An additional practice that heightens anxiety and depression is the news station's use of the crawl, the scrolling headline ticker that appears at the bottom of the television, communicating "breaking news." Individuals who watch news-based programming are likely to see one, two, or even three crawls scroll across the screen. The multitasking required to read the crawls and comprehend the actual newscast comes easy to some viewers, whereas others report feeling over-stimulated.

One could easily change the channel to interrupt the transmission of such information. However, crawls are not relegated to just news channels. Unlike the viewing experience of the past, crawls are now more prominent during entertainment programs and often serve as commercials for nightly newscasts or the upcoming weekly news magazine show. The crawls frequently contain fear-driven material, broad-siding an unsuspecting viewer.

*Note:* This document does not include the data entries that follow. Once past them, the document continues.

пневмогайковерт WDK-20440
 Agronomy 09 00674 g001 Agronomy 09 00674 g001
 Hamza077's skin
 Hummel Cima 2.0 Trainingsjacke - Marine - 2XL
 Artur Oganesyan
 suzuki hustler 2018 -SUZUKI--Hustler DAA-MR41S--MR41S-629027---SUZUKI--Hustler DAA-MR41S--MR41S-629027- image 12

It's been said that fear-based media has become a staple of popular culture. The distressing fall-out from this trend is that children and adults who are exposed to media are more likely than others to

  • Feel that their neighborhoods and communities are unsafe
  • Believe that crime rates are rising
  • Overestimate their odds of becoming a victim
  • Consider the world to be a dangerous place

News media needs to return to a sense of proportion, conscience, and, most important, truth-telling. Until that happens, help inoculate yourself against feeling overwhelmed by doing the following:

  • Consider limiting your exposure to media. Give yourself a set time once or twice a day to check in on local and global happenings.
  • Consider choosing print media for your information gathering rather than visual media. This can reduce the likelihood that you get exposed to emotionally laden material. Home pages on the internet can give you an overall sense of what's going on, as can headline news channels that update stories on the hour.
  • Remember that you have the power to turn off the remote, leave a website, or change the radio station. Don't let yourself be passive when you feel media is overwhelming you.
  • Know that other people will have a different tolerance for media stories and their details. If someone is expressing too much of a story for your own comfort, walk away or communicate your distress.
  • Consider having an electronic-free day, and let your senses take in the simpler things in life.

References

Altheide, D. (2002). Creating fear: News and the construction of crisis. New York: Walter de Gruyter.

Gerbner, G., Morgan, M., & Signorielli, N. (1999). Profiling television violence. In K. Nordenstreng & M. Griffin (Eds.), International media monitoring (pp. 335-365). Hillsdale, NJ: Hampton Press.

Glassner, B. (1999). The culture of fear: Why Americans are afraid of the wrong things. New York: Basic Books.

Kovach, B., & Rosenthal, T. (2001). The elements of journalism: What news-people should know and the public should expect. New York: Three Rivers Press.

Serani, D. (2008). If it bleeds, it leads. The clinical implications of fear-based programming in news media. Psychotherapy and Psychoanalysis, 24(4), 240-250.